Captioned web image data
━━━━

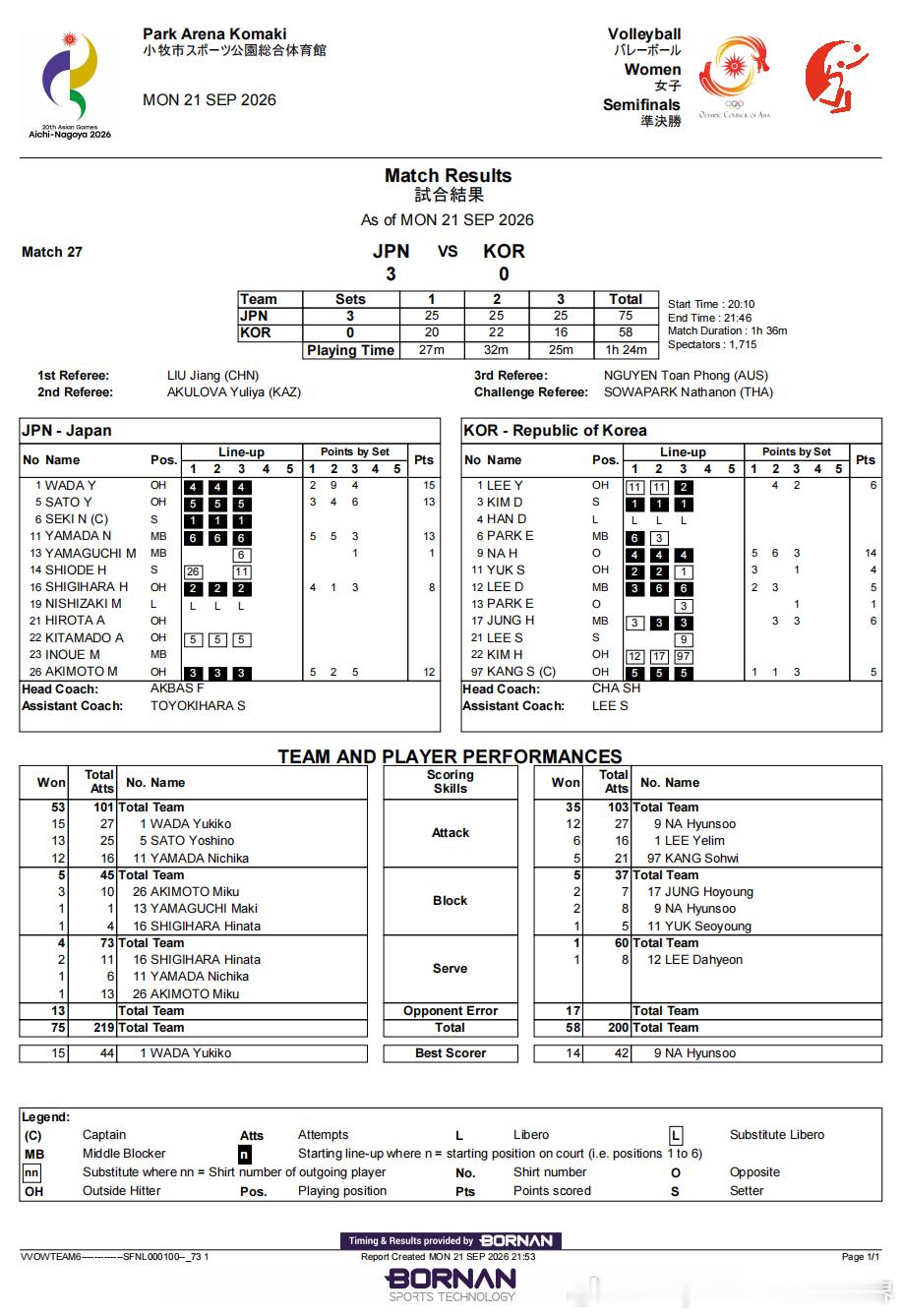 2026年爱知名古屋亚运会 日本女排晋级决赛半决赛，日本女排3-0（25-20，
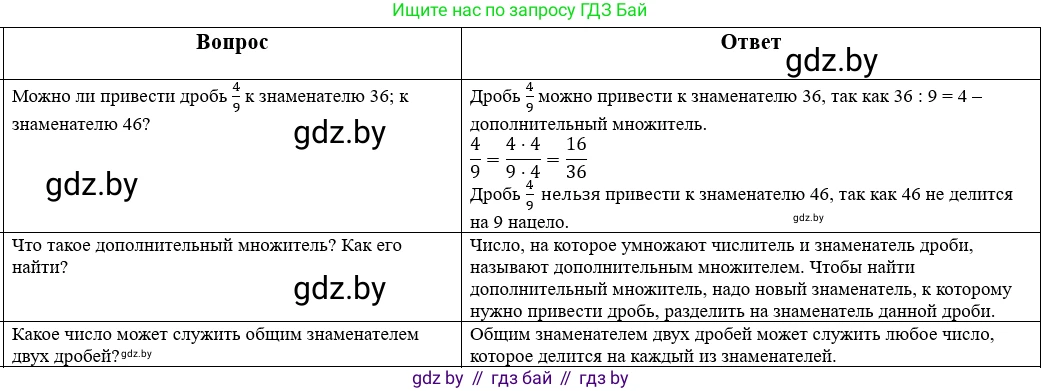 Математика, 5 класс Учебник, авторы: Виленкин Наум Яковлевич, Жохов Владимир Иванович, Чесноков Александр Семёнович, Александрова Лилия Александровна, Шварцбурд Семён Исаакович, издательство Просвещение, Москва, 2023, белого цвета, Часть 2, страница 62, Решение 1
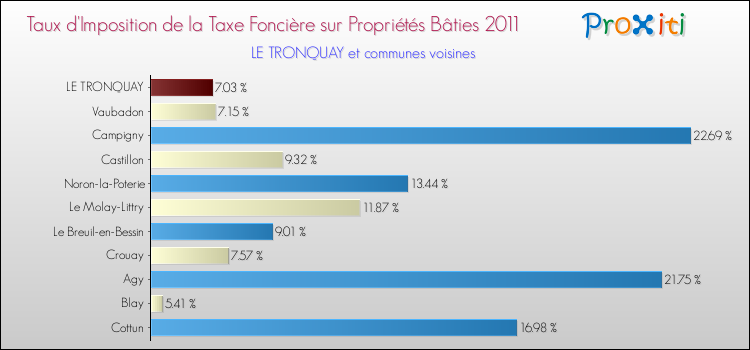 Taux d'imposition de la taxe foncière sur le bati 2011 pour LE TRONQUAY et les communes proches Comparaison des taux d'imposition de la taxe foncière sur le bati 2011 pour LE TRONQUAY et les communes voisines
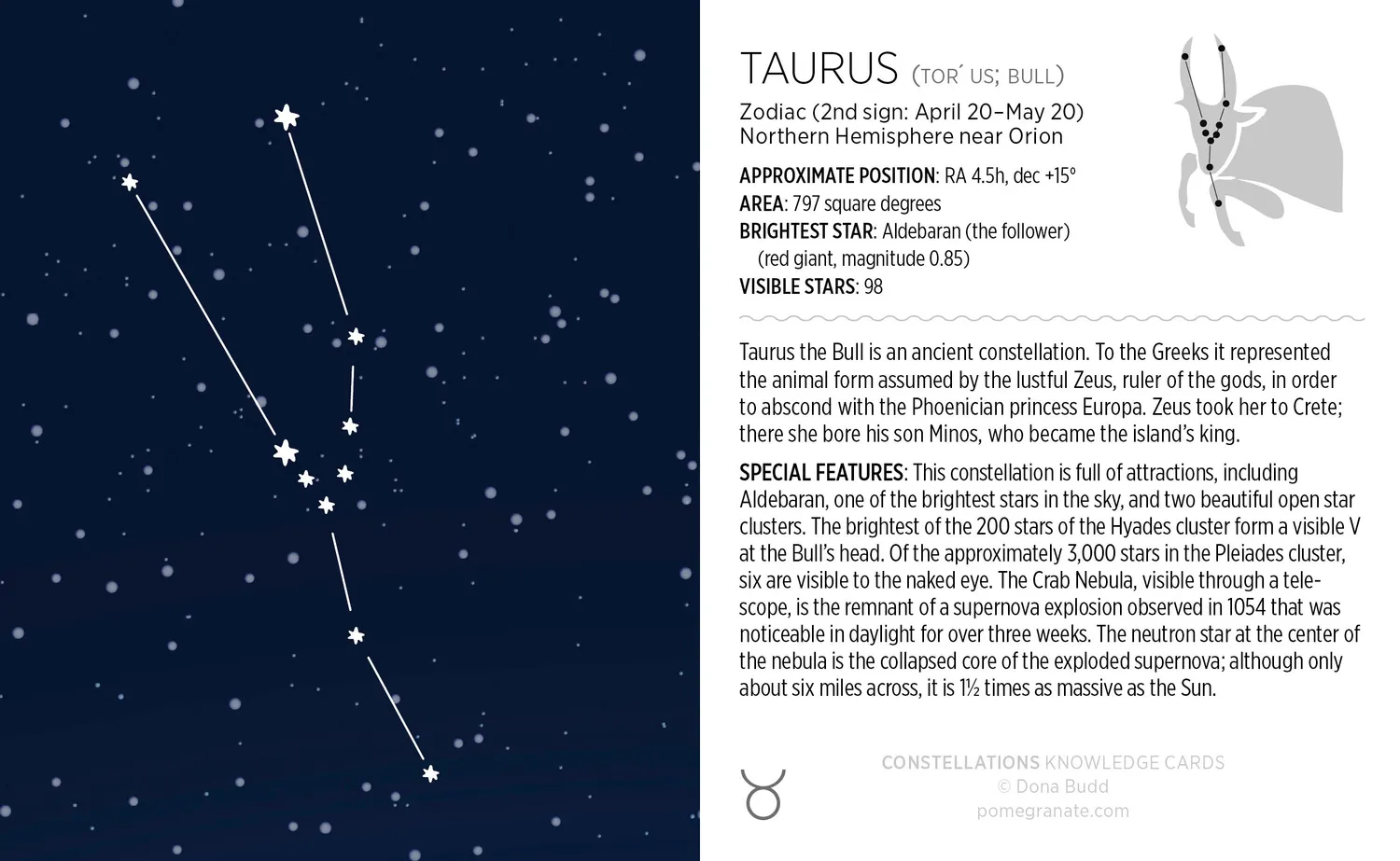 Pomegranate Constellations videnskort stjernebilleder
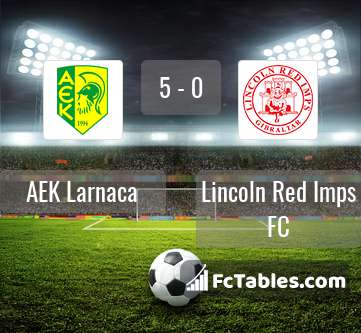 Podgląd zdjęcia AEK Larnaca - Lincoln Red Imps FC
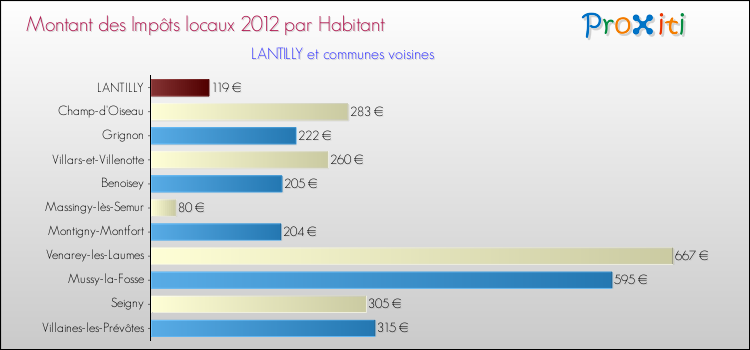 Montant des impôts locaux par Habitant pour LANTILLY et les communes proches Comparaison des impôts locaux par habitant pour LANTILLY et les communes voisines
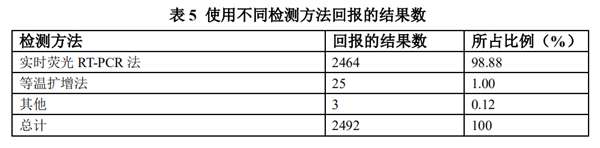 万利国际(中国集团)官方网站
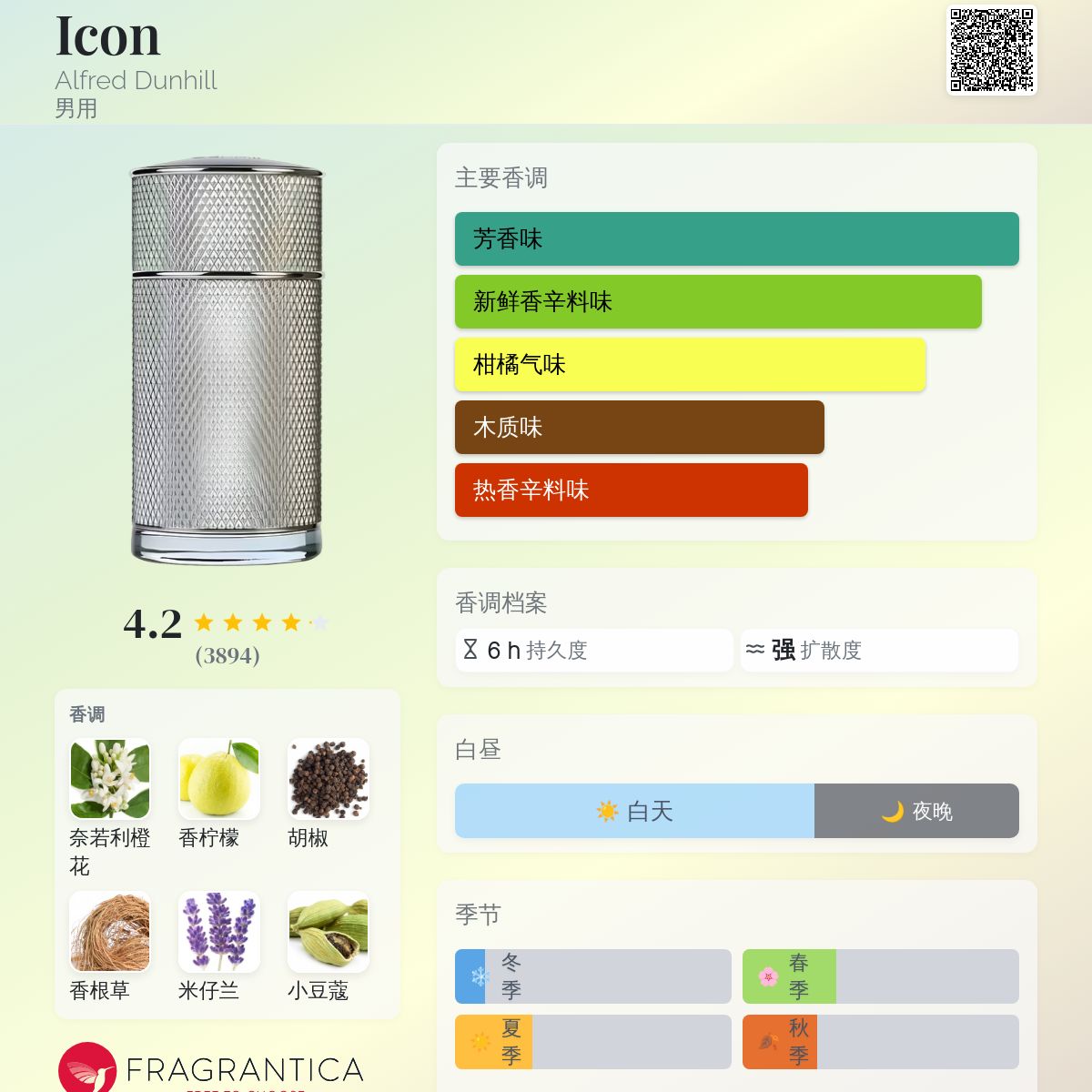 Icon Alfred Dunhill 古龙水- 一款2015年男用香水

━━━━

### TASK PROMPT
Starting at the line that holds "Montant des impôts", retype every line through the end of the data, both ends included. Pictures stay out of the copy.

### ANSWER TO THIS PROBLEM
 Montant des impôts locaux par Habitant pour LANTILLY et les communes proches Comparaison des impôts locaux par habitant pour LANTILLY et les communes voisines
 万利国际(中国集团)官方网站
 Icon Alfred Dunhill 古龙水- 一款2015年男用香水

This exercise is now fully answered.